Tomemos, para analizar mejor este fenómeno, un ejemplo con el que muchos universitarios estarán familiarizados: el «estado de la cuestión», a veces también llamado «revisión bibliográfica». En las universidades es común mandar a los alumnos realizar este ejercicio como aproximación a un tema, que no resulta ni una tesis doctoral ni nada por el estilo, pues carece de la suficiente profundidad. ¿Es este el mejor método para empaparnos del tema a tratar? Desde luego que no lo es. En primer lugar, esta tarea −que normalmente se cursa a finales de carrera o similares− pretende ser una manera de evaluar la autonomía del alumno y sus capacidades de asimilación, o al menos así nos lo venden; sin embargo, para empezar, muchas veces no se puede ni elegir el tema a abordar. Tampoco es extraño que este trabajo se reduzca a una búsqueda cuantitativa de bibliografía sobre quién dijo qué, dejando poco margen a la innovación y reflexión del alumno, por no decir que en el manejo de tal volumen es imposible que el sujeto se familiarice con el origen de las fuentes a las que cita −sin conocimiento−. El problema se ve agravado por el hecho de que el alumno está severamente restringido por un límite de palabras. Lo que, por ende, obliga al alumno a acotar sus reflexiones o reducir el contenido general de su exposición −por no hablar del sistema de citación y referencia que lo hace ilegible, o cuando menos, sumamente molesto para la lectura−.

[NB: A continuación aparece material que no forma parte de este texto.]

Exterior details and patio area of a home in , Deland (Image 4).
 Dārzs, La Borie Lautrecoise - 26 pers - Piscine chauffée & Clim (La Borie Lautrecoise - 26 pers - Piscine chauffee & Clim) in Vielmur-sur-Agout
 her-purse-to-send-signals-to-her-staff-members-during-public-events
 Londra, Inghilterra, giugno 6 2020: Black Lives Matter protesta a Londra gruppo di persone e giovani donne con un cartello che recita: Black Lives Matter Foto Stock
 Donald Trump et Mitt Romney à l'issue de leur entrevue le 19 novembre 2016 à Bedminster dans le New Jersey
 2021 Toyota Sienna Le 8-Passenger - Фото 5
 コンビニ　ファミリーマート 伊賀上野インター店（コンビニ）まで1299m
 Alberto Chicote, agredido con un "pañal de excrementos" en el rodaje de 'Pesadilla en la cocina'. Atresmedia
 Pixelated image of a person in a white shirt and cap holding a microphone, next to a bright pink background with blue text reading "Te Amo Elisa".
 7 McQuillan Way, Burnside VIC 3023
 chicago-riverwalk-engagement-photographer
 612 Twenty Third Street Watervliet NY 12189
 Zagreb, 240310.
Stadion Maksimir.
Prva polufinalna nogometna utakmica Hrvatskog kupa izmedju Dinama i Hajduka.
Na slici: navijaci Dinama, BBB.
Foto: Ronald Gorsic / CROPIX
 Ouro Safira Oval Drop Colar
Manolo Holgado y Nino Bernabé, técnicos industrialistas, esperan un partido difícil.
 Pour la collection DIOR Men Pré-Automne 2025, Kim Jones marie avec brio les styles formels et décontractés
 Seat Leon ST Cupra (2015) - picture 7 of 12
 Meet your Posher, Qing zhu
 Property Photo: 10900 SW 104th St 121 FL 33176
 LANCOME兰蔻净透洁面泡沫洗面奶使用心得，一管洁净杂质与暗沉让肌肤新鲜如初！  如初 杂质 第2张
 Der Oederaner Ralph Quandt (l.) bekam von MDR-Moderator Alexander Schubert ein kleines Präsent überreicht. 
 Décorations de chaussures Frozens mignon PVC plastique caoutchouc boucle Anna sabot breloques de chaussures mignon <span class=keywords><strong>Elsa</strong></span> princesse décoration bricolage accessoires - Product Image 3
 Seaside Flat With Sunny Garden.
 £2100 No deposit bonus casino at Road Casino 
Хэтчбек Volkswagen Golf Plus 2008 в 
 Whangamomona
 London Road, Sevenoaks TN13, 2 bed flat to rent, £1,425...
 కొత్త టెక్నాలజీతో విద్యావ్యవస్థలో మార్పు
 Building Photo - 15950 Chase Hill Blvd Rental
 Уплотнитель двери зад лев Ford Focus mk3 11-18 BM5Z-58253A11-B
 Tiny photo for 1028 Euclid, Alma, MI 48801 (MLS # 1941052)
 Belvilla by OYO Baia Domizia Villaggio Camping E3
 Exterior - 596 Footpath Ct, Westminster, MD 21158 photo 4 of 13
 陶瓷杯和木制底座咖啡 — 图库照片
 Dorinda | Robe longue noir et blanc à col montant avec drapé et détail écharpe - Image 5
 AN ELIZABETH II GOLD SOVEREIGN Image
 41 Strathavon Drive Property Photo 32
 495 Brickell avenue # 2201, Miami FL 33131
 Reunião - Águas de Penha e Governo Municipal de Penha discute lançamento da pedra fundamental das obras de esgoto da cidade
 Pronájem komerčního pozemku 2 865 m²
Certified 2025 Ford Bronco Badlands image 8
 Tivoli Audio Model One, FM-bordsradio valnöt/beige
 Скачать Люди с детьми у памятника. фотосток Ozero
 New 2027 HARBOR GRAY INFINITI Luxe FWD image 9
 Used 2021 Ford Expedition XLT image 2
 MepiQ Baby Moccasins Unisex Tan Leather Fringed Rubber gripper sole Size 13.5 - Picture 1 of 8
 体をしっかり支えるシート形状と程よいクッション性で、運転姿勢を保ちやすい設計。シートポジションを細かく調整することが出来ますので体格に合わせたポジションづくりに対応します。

Además, este encargo está mediatizado bajo la lente del tutor de turno asignado. ¿Y qué perfil nos podemos encontrar aquí?: a) si tenemos suerte, nuestro tutor nos dará manga ancha y nos atenderá debidamente −corrigiendo y a la vez ayudándonos−, siendo una figura de la cual podremos aprender muchísimo; b) algunos nos torturarán con su indiferencia, convirtiéndose en una tarea casi imposible encontrarlos para buscar su sello de aprobación en el primer borrador, lo que vendrá a ser como tratar de buscar un oasis en mitad del desierto; c) otros estarán encima de nosotros, pero solo para que estudiemos y adoremos sus autores de referencia −cuando no usan sus propios trabajos en un acto de egolatría típica de ciertos académicos−; d) los más indecisos y olvidadizos nos obligarán a cambiar nuestro enfoque una y otra vez: «Ahora quiero gráficos, ahora no». «Mejor que introduzcas más estadísticas; olvídate, ¡mucho dato mareante!». Creemos que el lector podrá imaginarse de lo que hablamos, pues con bastante seguridad lo haya experimentado en sus carnes si ha cursado historia –aunque esto bien podría ocurrir en cualquier otra rama de las ciencias sociales−.